“Measles is one of our most infectious diseases, and so, in an unvaccinated population, one person can potentially make 12 to 18 other people sick,” Howe told Chelsea Daniels on The Front Page podcast last week.
Organisations around the country are gearing up to fight the outbreak, such as Plunket offering vaccinations to families with babies, and Health Minister Simeon Brown considering rolling out the measles, mumps and rubella (MMR) zero vaccination to infants between 4 months and 12 months old.
To prevent measles from spreading, 95% of all New Zealanders would need immunity.
We currently have around 82% population immunity, but Howe says rates vary wildly between regions: Northland and Lakes are around 62% and 73%, while the Hutt Valley, Capital & Coast, and Canterbury have 90% coverage.
Measles is the third most common vaccine-preventable cause of death among children worldwide, according to the national Immunisation Advisory Centre.
For people who were born before the 1970s, measles was a common rite of passage. Most people caught it in childhood and lived to tell the tale.
But many of those who lived through it will also remember the horror stories of the ones who didn’t make it - and the ones who suffered serious long-term health impacts.
One famous death was that of Olivia Dahl, the 7-year-old daughter of children’s author Roald Dahl, who died of measles encephalitis in 1962.
“It is not yet generally accepted that measles can be a dangerous illness,” Dahl wrote two decades after her death. “Believe me, it is. In my opinion, parents who now refuse to have their children immunised are putting the lives of those children at risk.”
According to Health NZ, between one and three of every 1000 reported measles cases in the United States results in death, most commonly from pneumonia. It is more severe in malnourished children, pregnant people and those who are immunocompromised.
“Measles is also serious in healthy children: over half of all the children who died from measles in the UK between 1970 and 1983 were previously healthy,” Health NZ says.

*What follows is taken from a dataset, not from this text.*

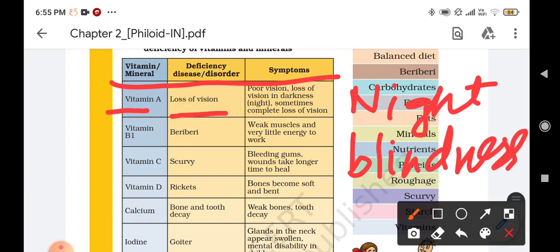The next one is vitamin B. Due to the deficiency of vitamin B, a person can suffer from the disease known as beriberi. The symptoms of beriberi include weak muscles and very little energy to work.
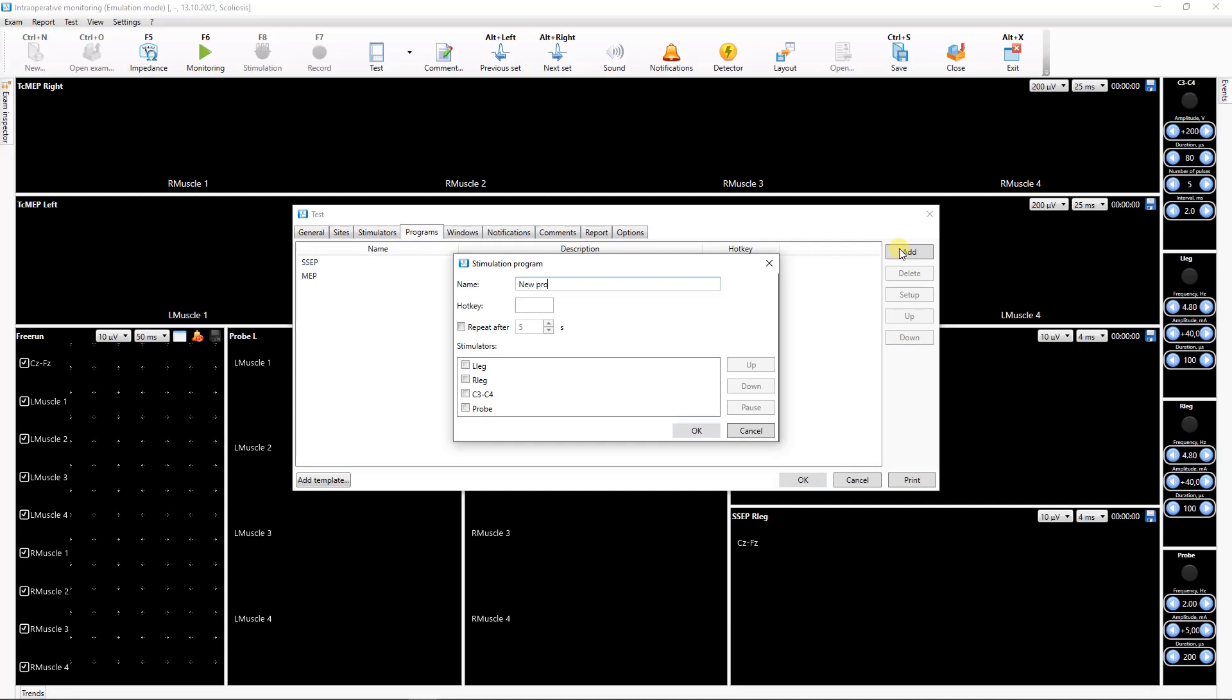To add a new Stimulation program click Add button. In the opened dialog box you can enter the Stimulation program name, specify hotkey to quick program start and activate the repeat after checkbox, which means that the program is repeated at a specified time interval.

Measles also causes “immune amnesia”, making you more vulnerable to catching other illnesses in the days and weeks after the infection, and it can wipe out existing antibody protection gained from previous illnesses or immunisations.

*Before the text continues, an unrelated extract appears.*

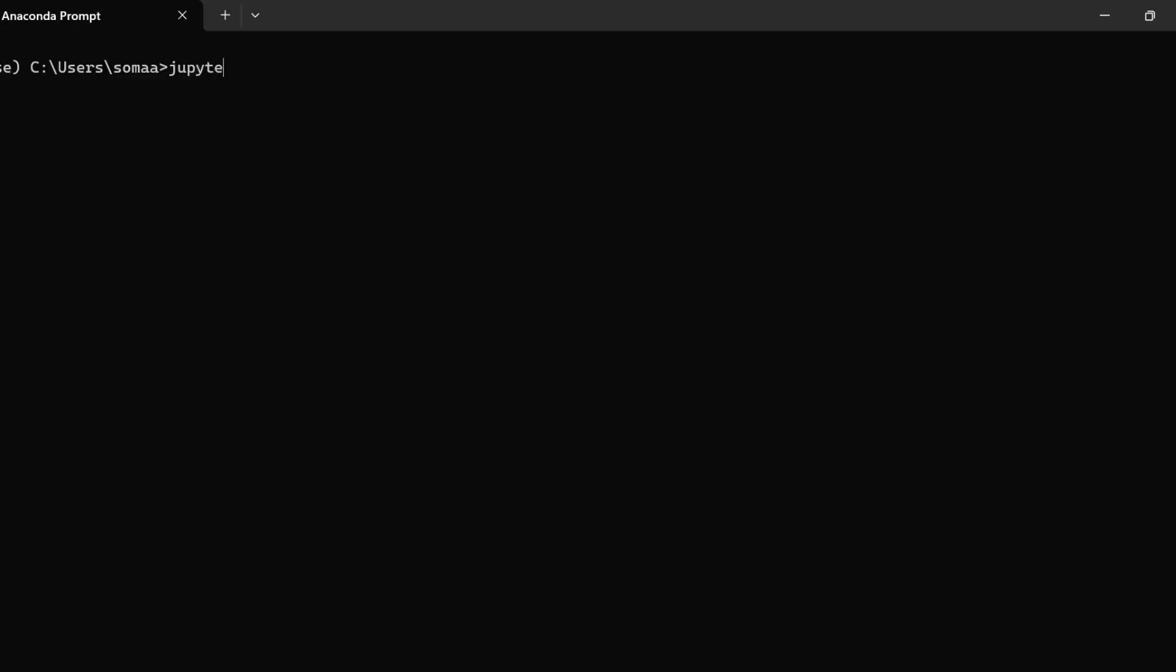The first option is exporting from Jupyter Notebook using the GUI method. First, we need to launch Jupyter Notebook from Anaconda Prompt. We need to open the Anaconda Prompt and then write jupyter notebook.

It’s a serious illness that can be prevented with the effective and safe MMR immunisation, which is between 90% and 95% effective in protecting against measles - and no, there is no reputable evidence that the jab causes autism.
Measles is a risky disease to catch, and most of us who catch it will recover.
But a considerable number won’t have that same luck, and it is those people who need our protection.